EXERCISE. Exclude pictures and give again exactly the lines of the listing, beginning with its first line and ending with the one that contains "Okay, come in".

DATA SHOWN.
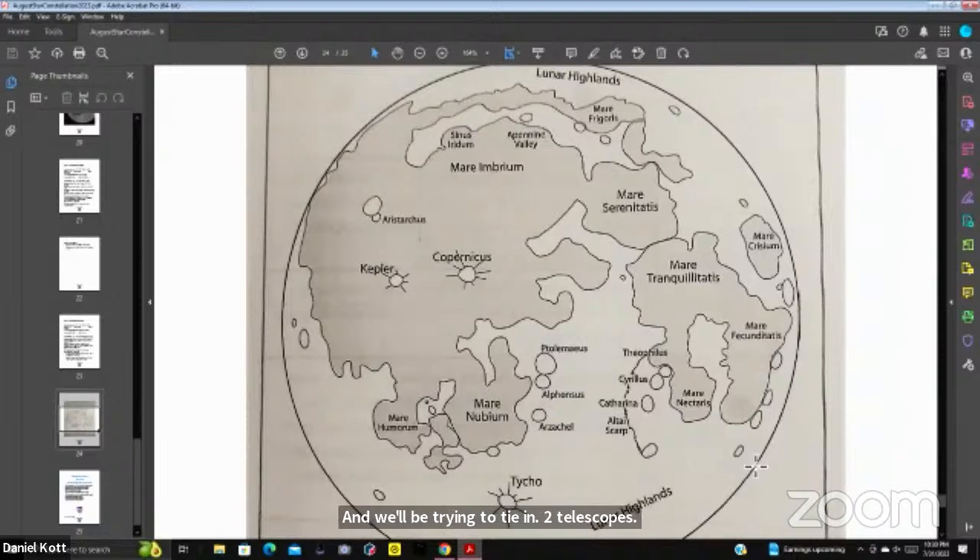We're going to try tomorrow night at around 10 o'clock — we have to wait till the moon gets at least 10–20% above the horizon. We'll be testing from two locations in Killeen and in Copperas Cove, trying to tie in the Dwarf II telescopes. Right now we can only do four inputs, so we need to upgrade our equipment to add Stellarium, a computer, tablet, and phone to run the Dwarf remotely.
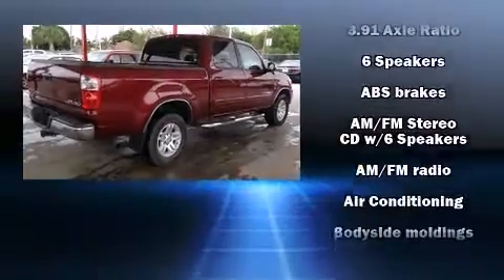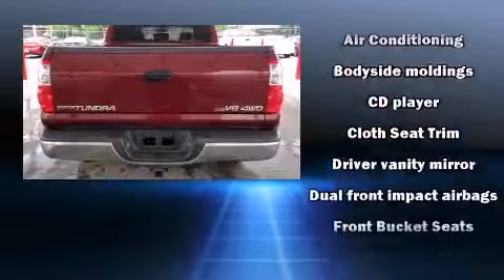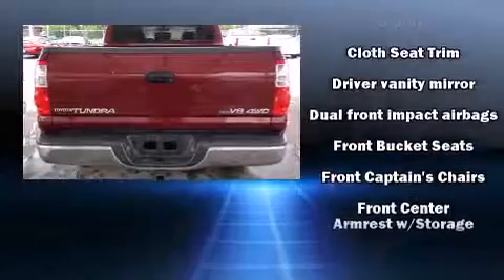Come test drive this 2006 Toyota Tundra. It features four-wheel drive capabilities, a durable automatic transmission, and a powerful eight-cylinder engine.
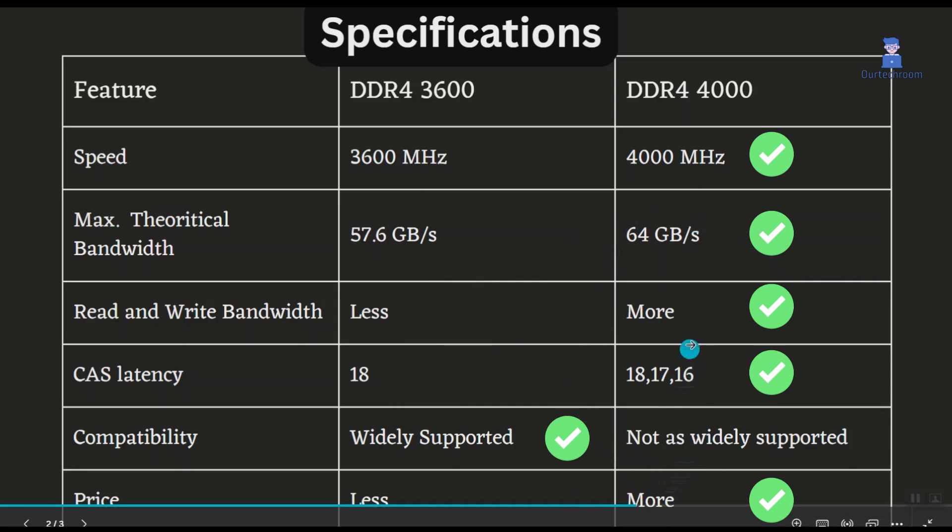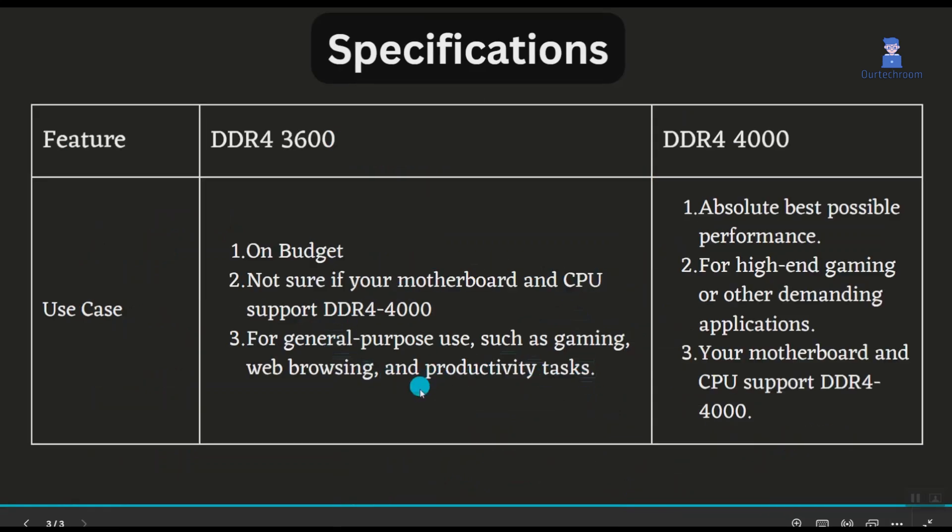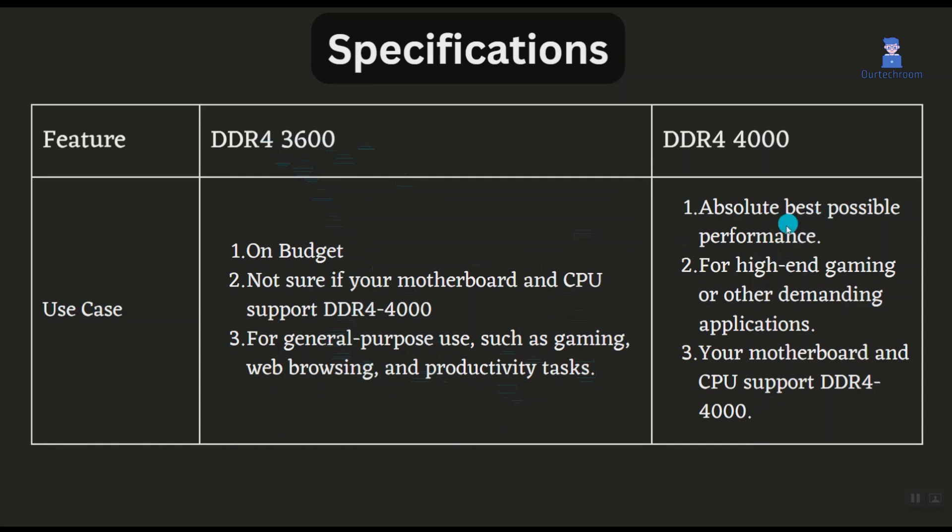If you are on a budget, your motherboard only supports up to DDR4-3600, and you are using it for general purpose use such as gaming, web browsing, and productivity tasks, DDR4-3600 is sufficient. If you have a sufficient budget, your motherboard supports up to DDR4-4000, and you want to use it for high-end gaming or other demanding applications, then DDR4-4000 RAM is the better choice.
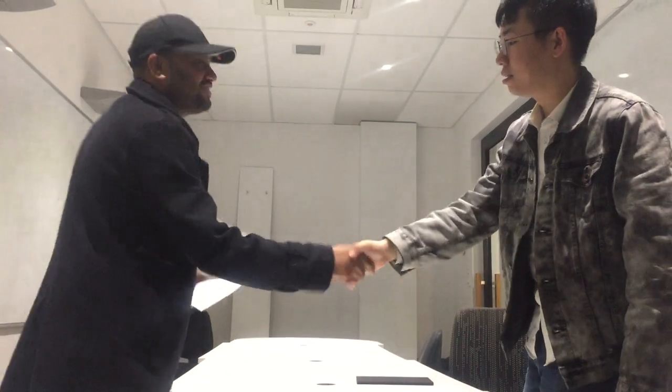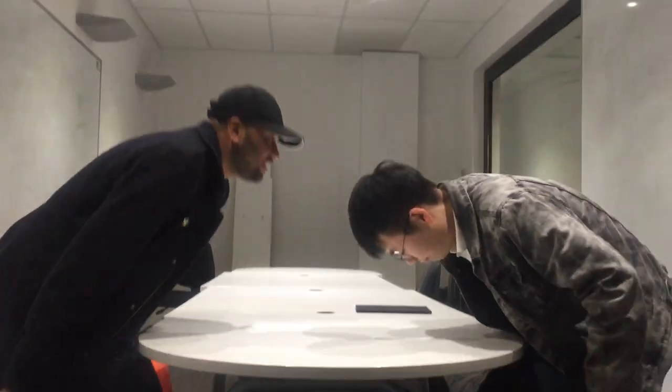Okay, come in please. Hello, hi. Hi, good afternoon. Good afternoon. Okay, sit down please. Yeah, thank you. How are you? I'm good. I'm good, good. Thank you.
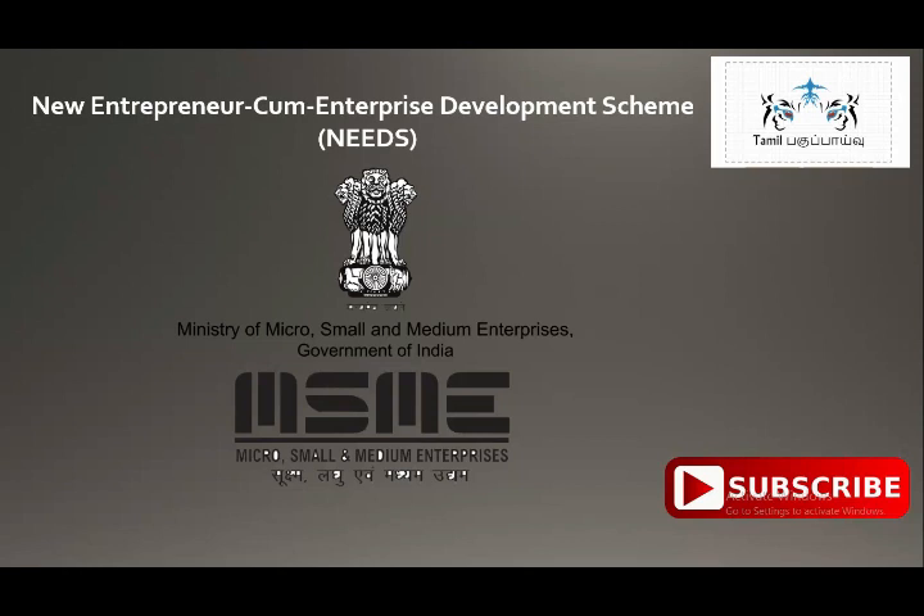In this NEEDS Scheme, one of the most important things is the eligibility criteria. Eligible applicants include those with a diploma, ITA, engineering graduate qualifications, and so on. There are different types of qualifications covered under this scheme.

OUTPUT.
We're going to try tomorrow night at around 10 o'clock — we have to wait till the moon gets at least 10–20% above the horizon. We'll be testing from two locations in Killeen and in Copperas Cove, trying to tie in the Dwarf II telescopes. Right now we can only do four inputs, so we need to upgrade our equipment to add Stellarium, a computer, tablet, and phone to run the Dwarf remotely.
Come test drive this 2006 Toyota Tundra. It features four-wheel drive capabilities, a durable automatic transmission, and a powerful eight-cylinder engine.
If you are on a budget, your motherboard only supports up to DDR4-3600, and you are using it for general purpose use such as gaming, web browsing, and productivity tasks, DDR4-3600 is sufficient. If you have a sufficient budget, your motherboard supports up to DDR4-4000, and you want to use it for high-end gaming or other demanding applications, then DDR4-4000 RAM is the better choice.
Okay, come in please. Hello, hi. Hi, good afternoon. Good afternoon. Okay, sit down please. Yeah, thank you. How are you? I'm good. I'm good, good. Thank you.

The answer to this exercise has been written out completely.